Monte Sacro Alto (also known informally as Talenti) is the 28th  of the city of Rome in Italy, and it is identified by the initials Q. XXVIII. As a quarter, or second level administrative division, it is one of two that comprise the first level division or Municipality of Municipio III.

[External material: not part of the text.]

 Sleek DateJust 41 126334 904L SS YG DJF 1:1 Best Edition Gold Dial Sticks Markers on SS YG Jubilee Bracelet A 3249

Monte Sacro Alto is situated in the north-eastern area of the capital. The name of the  comes from Monte Sacro, a nearby hill that was the site of rituals by augurs or haruspices, while the common name Talenti is taken after the Talenti's noble family, which owned the estate where the residential area developed.

History 
Born in the 1960s as a natural extension of Monte Sacro, the area was previously a rural zone, basically inhabited only by shepherds and flocks. At the end of the 1950s the Talenti farm merged with the construction company owned by Giuseppe Tudini, an engineer, creating the Impresa Tudini & Talenti, that obtained by the municipality the permission to build in the area. The new quartiere is characterized by residential buildings and flat complexes, generally with 4 or 5 stories and surrounded by a court, intended for the upper middle class (somewhat counterbalancing the "old" Monte Sacro, traditionally a working-class borough).

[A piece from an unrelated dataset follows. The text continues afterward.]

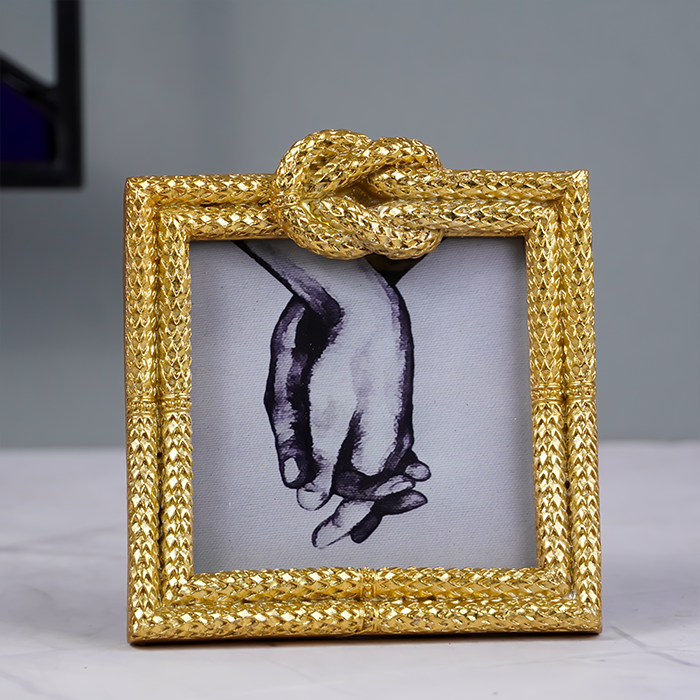 Gold Textured Photo Frame with Knot Detail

Until 1965, the area was served by Sira, a devoted public transport company.

Geography

Boundaries
Northward and eastward, the quartiere borders with Zona Casal Boccone (Z. IV), whose border is marked by the stretch of Via della Bufalotta between Via della Cecchina and Via Roberto Bracco and by Via Roberto Bracco itself; then the boundary runs through the countryside up to Via Arrigo Cajumi and through the Parco Talenti, up to Via di Casal Boccone, the latter marking the border up to Via Nomentana.

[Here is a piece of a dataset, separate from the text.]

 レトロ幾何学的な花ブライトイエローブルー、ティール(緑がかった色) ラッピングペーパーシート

Southward, the quartiere borders with Quartiere Ponte Mammolo (Q. XXIX), from which is separated by Via Nomentana, up to Via Jacopo Sannazaro.

To the west, the quartiere borders with Quartiere Monte Sacro (Q. XVI), whose boundary is marked by Via Jacopo Sannazaro, by a stretch in the countryside, by a short stretch of Viale Jonio, by Via Matteo Bandello and by Via della Cecchina.

Local geography
The main square of the district is Piazza Piercarlo Talenti, named after a descendant of the Talenti family who precociously died in a road accident in 1925. Another relevant square is Largo Sergio Pugliese, the local terminus of the public transport.

The main arteries of the area are Via Ugo Ojetti, with a high concentration of commercial activities, Via Arturo Graf and Via Renato Fucini.

Several green areas are located in Monte Sacro Alto, usually remains of the Agro Romano countryside, like Parco Talenti, Parco della Cecchina and Parco delle Mimose.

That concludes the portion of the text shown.